(Records drawn from a dataset)
----------
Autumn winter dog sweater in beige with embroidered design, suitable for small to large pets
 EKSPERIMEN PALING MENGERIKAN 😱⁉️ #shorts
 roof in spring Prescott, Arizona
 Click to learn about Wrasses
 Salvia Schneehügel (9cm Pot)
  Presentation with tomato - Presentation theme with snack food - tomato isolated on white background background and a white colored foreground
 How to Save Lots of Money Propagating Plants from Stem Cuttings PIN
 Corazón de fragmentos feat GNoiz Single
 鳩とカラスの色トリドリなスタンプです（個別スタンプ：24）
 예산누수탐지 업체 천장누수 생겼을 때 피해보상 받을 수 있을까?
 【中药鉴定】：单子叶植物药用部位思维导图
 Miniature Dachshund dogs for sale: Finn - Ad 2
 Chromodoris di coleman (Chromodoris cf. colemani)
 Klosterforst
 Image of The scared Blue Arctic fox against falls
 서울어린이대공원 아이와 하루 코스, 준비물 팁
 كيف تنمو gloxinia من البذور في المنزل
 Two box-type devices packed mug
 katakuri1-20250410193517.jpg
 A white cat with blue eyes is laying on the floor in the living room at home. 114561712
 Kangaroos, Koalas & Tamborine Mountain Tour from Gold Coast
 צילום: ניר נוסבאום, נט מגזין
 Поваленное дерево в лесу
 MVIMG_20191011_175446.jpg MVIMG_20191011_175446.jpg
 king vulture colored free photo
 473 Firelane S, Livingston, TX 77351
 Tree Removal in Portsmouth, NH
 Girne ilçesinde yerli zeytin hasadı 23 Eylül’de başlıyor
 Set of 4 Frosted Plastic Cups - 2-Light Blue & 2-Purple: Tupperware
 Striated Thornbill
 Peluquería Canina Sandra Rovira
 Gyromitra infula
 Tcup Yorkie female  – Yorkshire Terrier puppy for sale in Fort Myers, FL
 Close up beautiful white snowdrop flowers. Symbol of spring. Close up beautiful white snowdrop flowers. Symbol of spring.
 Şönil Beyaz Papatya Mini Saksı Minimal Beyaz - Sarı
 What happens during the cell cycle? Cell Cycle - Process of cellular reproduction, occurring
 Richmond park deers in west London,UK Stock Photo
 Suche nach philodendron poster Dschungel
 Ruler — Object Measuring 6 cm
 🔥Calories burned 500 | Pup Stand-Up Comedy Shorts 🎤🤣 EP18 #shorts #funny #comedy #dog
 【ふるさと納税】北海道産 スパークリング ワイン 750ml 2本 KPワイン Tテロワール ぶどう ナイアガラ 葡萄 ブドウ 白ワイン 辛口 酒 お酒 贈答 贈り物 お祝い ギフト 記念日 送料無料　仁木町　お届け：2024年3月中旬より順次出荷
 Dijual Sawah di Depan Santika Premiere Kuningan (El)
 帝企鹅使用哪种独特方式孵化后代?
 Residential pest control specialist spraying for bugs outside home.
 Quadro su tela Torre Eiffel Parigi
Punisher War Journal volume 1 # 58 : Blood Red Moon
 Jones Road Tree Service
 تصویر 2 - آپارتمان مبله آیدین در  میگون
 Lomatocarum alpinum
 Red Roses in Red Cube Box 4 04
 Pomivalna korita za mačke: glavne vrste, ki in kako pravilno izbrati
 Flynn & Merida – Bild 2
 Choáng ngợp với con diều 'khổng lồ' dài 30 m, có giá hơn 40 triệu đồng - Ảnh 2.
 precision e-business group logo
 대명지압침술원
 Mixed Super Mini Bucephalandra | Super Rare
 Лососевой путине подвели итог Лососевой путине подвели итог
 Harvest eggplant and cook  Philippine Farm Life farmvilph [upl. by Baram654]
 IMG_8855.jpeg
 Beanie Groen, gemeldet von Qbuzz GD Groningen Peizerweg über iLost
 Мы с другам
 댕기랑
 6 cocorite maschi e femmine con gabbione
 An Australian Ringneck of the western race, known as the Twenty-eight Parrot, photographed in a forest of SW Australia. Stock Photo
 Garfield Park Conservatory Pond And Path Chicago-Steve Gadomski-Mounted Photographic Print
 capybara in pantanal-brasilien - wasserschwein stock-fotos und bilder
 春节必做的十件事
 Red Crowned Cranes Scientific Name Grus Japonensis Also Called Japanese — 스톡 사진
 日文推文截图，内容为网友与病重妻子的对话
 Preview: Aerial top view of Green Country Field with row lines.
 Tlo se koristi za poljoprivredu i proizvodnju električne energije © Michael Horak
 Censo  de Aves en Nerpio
----------
> **Exercise instructions**
The word "white" occurs on some lines of the data. Give the number of those lines only.

> **Reply**
3